Friday, 28th April 2017
I once watched a film about two groups of people whose task it was to get to the top of a high mountain. One group was given a guide whose approach was perpetually encouraging; when the group started to flag she would paint a glorious picture of the top of the mountain and the triumphant feelings which would occur when it had been successfully arrived at. The other group were given, as their guide, a burly ex-marine whose approach was punitive – if they didn't get to the top they would have him to deal with. Towards the end of the programme, we were shown a picture of the summit of the mountain devoid of people. As the camera focussed on the rocky scene, we heard in the near distance, the sound of group of climbers being berated by a furious leader and, sure enough, the first group to appear was the one which had been abused by their commander. The group which had been encouraged were by this point feeling totally discouraged as they learnt that they had been pipped to the top by the group of latter day Amundsens. I remember feeling very disappointed by this programme as I had, until that moment, always believed that encouragement was a much better and more effective way to get people to do something than an approach which promoted fear. One of the most important novels of the 20th Century, "1984" by George Orwell has as its central theme, the power of fear to control the minds of a population. Quite contrary to any notion that people are able to retain an independence from an authority however dictatorial, Orwell put forward the deeply depressing view that if people are made truly frightened, they no longer retain the ability to act independently. In fact, he contended, people are able to be controlled completely through fear. "1984" is the starkest and most effective warning to us about the horrors of real dictatorship and the importance of liberal democracy.
Despite these two powerful examples, I do not believe that controlling people by means of fear is the best way to encourage obedience or achievement. I have noticed that the people who have achieved most in life have been those people who have been genuinely motivated to do something. In my experience, it has been love of an activity which has caused them to succeed in it. My son who most loves playing his musical instrument is the one who has made most rapid progress because he is always playing and I feel very strongly that our role as educators is to engender in our pupils a love for learning and other activities and it is from this that self-motivation will emerge. This motivation is also most likely to stay with someone throughout their lives and, indeed, one of the problems with the fear approach is that once the burly marines instructor has gone home or once the fear factor has been removed, then the motivation is no longer there whereas activities founded upon inherent enjoyment will remain ones which the person wishes to continue. Obviously a school needs to teach people about discipline, about those times when one would rather not go the extra mile because enjoyable activities have their rough moments or less captivating elements and there is nothing worse than flakiness. Nonetheless encouragement to persist in tasks about which people have been inspired is the best way to ensure both short term and life – long achievement.

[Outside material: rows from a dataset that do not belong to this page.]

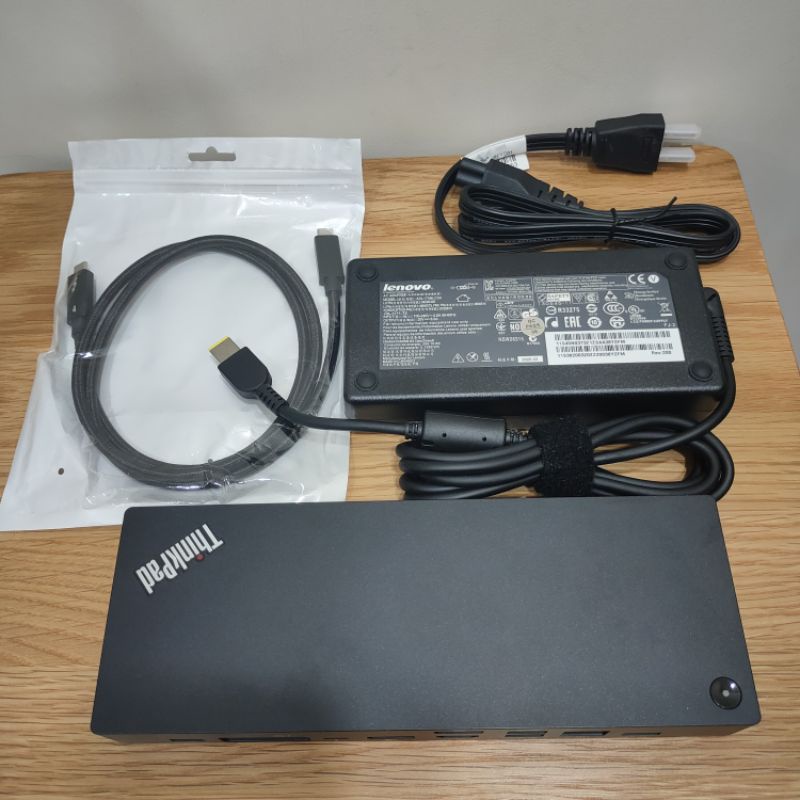 Lenovo ThinkPad Thunderbolt 4 TB4 dock type 40B0 擴展塢 DK2131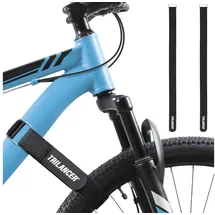 luxuskollektion Fahrradträgergurte 75 cm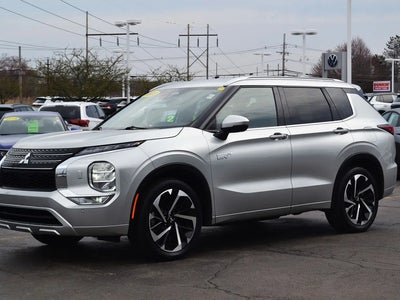 2023 Mitsubishi Outlander Phev AWD SEL 4DR SUV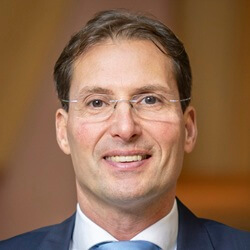 Marc van der Linden nieuw directielid Gasunie
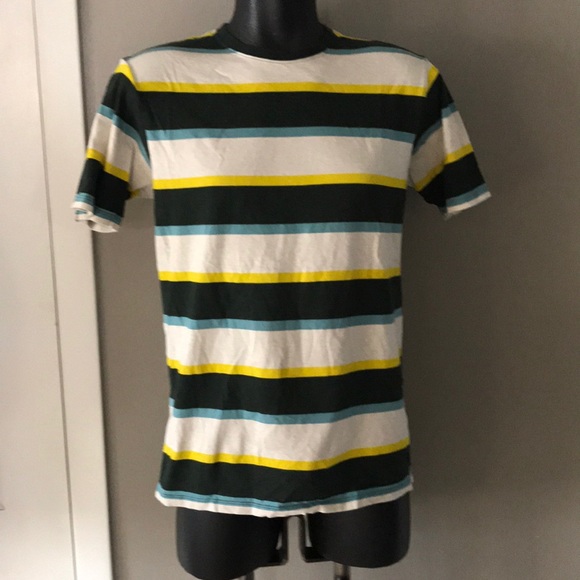 patagonia striped shirt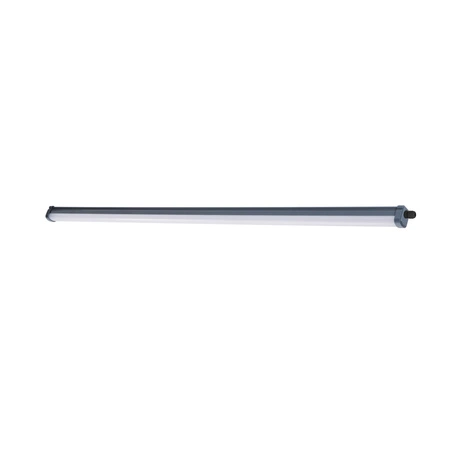 Hermetische Leuchte staubdicht LED Lampe 54W 4000K 150cm IP65 IK06 grau Projectline PHILIPS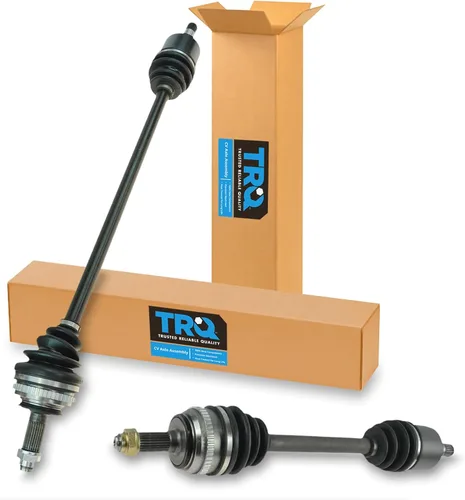 Vista 96 de TRQ Front Left and Right CV Axle Assembly Set 2 Piece
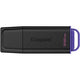 Kingston USB 512GB Datenreisender Exodia U3 USB-Stick (schwarz lila)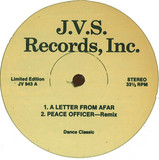 B Movie / Jimmy Cliff / Str - Letter From Afar/peace Office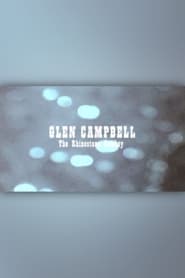 Glen Campbell The Rhinestone Cowboy' Poster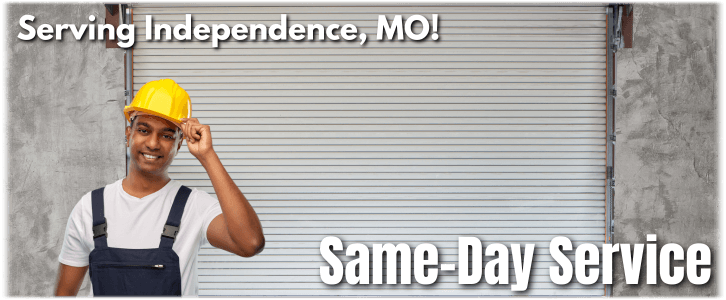 Garage Door Repair Independence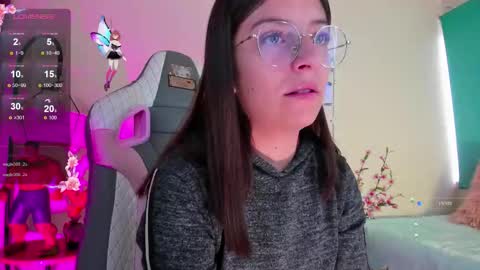 Snapshot of milly_kenner chatting on 11/28/25, 02:53 MILLY online show from 11/28/25, 02:53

I was thinking about all this yesterday when my youngest son was sitting in his bath, luxuriating in the warm water. Despite being instructed several times to get out, he refused. Now, one of his weaknesses is that he has a soft spot for one of his former teachers and he had written her an Easter card. I had in my bag a reply from her. "Henry," I said, "if you get out of your bath, I can give you a card from Miss Sibly!" Upon that instant, more swiftly than a crocodile leaping from the Nile to catch its prey, Henry was out of the bath. He was dried and changed before I had time to get the card out of the bag. Positive motivation is a far more powerful force than aggressive blandishment and it will be the one that will be our main motivating factor at CCCS.
Talking of enjoyment, the pupils seem to have loved the new playground which I hope that you will all come and admire in the next few days if you haven't already. It has provided a place for climbing and a surface upon which people can fall without injury. But it has also had the effect of creating a much larger space. Its first day was a huge success and I would like to thank the CCCSPA once again for their very generous donation to the project.
What a joy it is to be in Oxford at the beginning of the Trinity term. The centre of the City looks absolutely at its best – I hope you have received the termly calendar with its colourful array of cricket bats – I am looking forward tremendously to spending time on Merton Field watching our boys playing cricket surrounded by Oxford's dreaming spires. I look forward to seeing many of you there during the course of the term. The excitements start this evening with the mouth-watering Chamber Music Concert in the Cathedral at 8.00 pm where many of our pupils, teachers and parents will be playing alongside the Christ Church College Music Society – a ravishing thought. Do please come.
All best wishes for a tremendous term.